Data extracted from a collection:
_ _ _ _
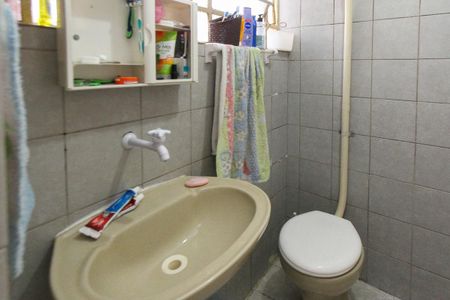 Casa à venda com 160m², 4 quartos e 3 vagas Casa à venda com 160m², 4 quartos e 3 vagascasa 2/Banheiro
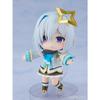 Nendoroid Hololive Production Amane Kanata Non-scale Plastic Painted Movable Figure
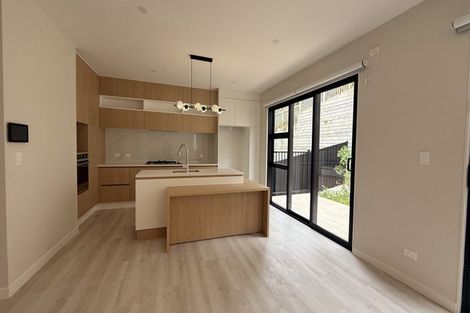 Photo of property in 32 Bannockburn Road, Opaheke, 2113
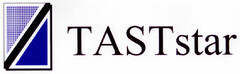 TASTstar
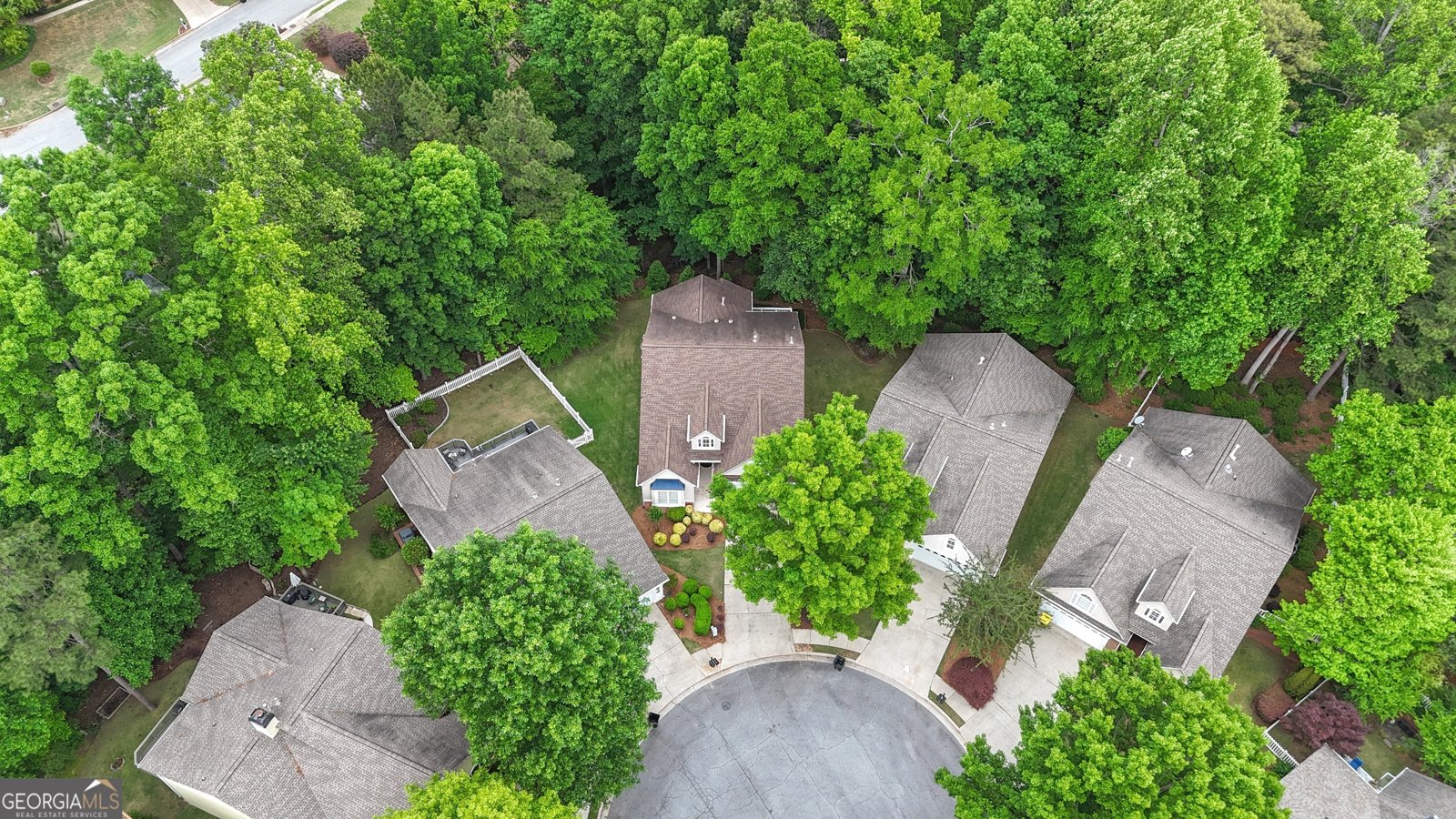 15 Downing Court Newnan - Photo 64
_ _ _ _
DESCRIPTION OF THE TASK: Repeat all of the entries word for word, but omit the pictures.

EXERCISE RESULT:
 Casa à venda com 160m², 4 quartos e 3 vagas Casa à venda com 160m², 4 quartos e 3 vagascasa 2/Banheiro
 Nendoroid Hololive Production Amane Kanata Non-scale Plastic Painted Movable Figure
 Photo of property in 32 Bannockburn Road, Opaheke, 2113
 TASTstar
 15 Downing Court Newnan - Photo 64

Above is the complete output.